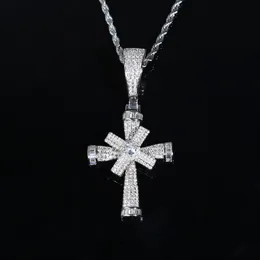 Collier avec pendentif croix déplacée glacée, pavé de pierre cz 5A pour femmes et hommes, bijoux hip hop, vente en gros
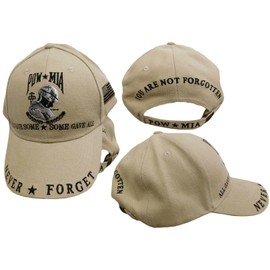 Fishi Baseball Cap - CP00505 Khaki POW*MIA Never Forget Cap w/Embroidered Logo and Lettering - Tactical Adjustable Hat, Small-4X-Large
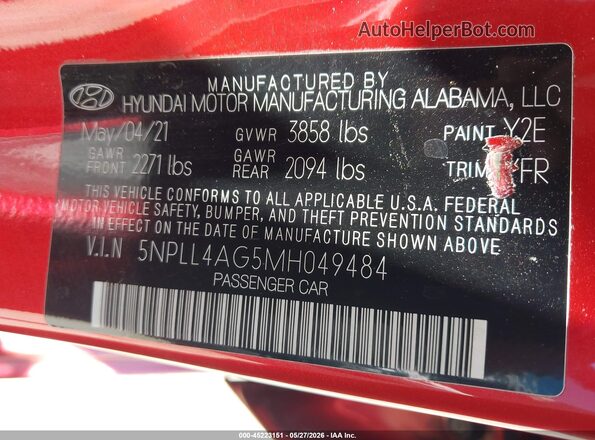 5NPLL4AG5MH049484 2021 HYUNDAI ELANTRA Red Вид підкапотного простору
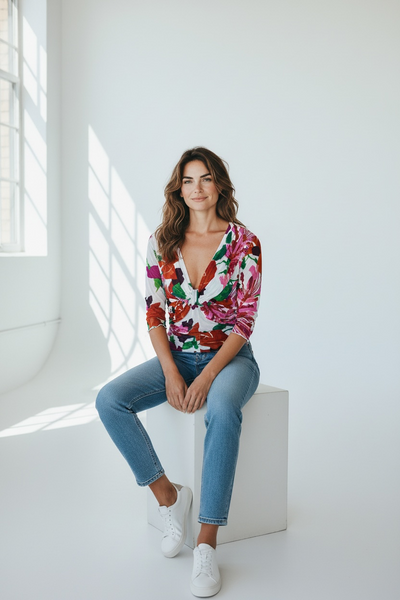 Y2K VINTAGE FLORAL MESH TOP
= = = = = = =
**Task instructions**
Retype the data shown above exactly, excluding any picture it contains.

**Task solution**
 Collier avec pendentif croix déplacée glacée, pavé de pierre cz 5A pour femmes et hommes, bijoux hip hop, vente en gros
 Fishi Baseball Cap - CP00505 Khaki POW*MIA Never Forget Cap w/Embroidered Logo and Lettering - Tactical Adjustable Hat, Small-4X-Large
 5NPLL4AG5MH049484 2021 HYUNDAI ELANTRA Red Вид підкапотного простору
 Y2K VINTAGE FLORAL MESH TOP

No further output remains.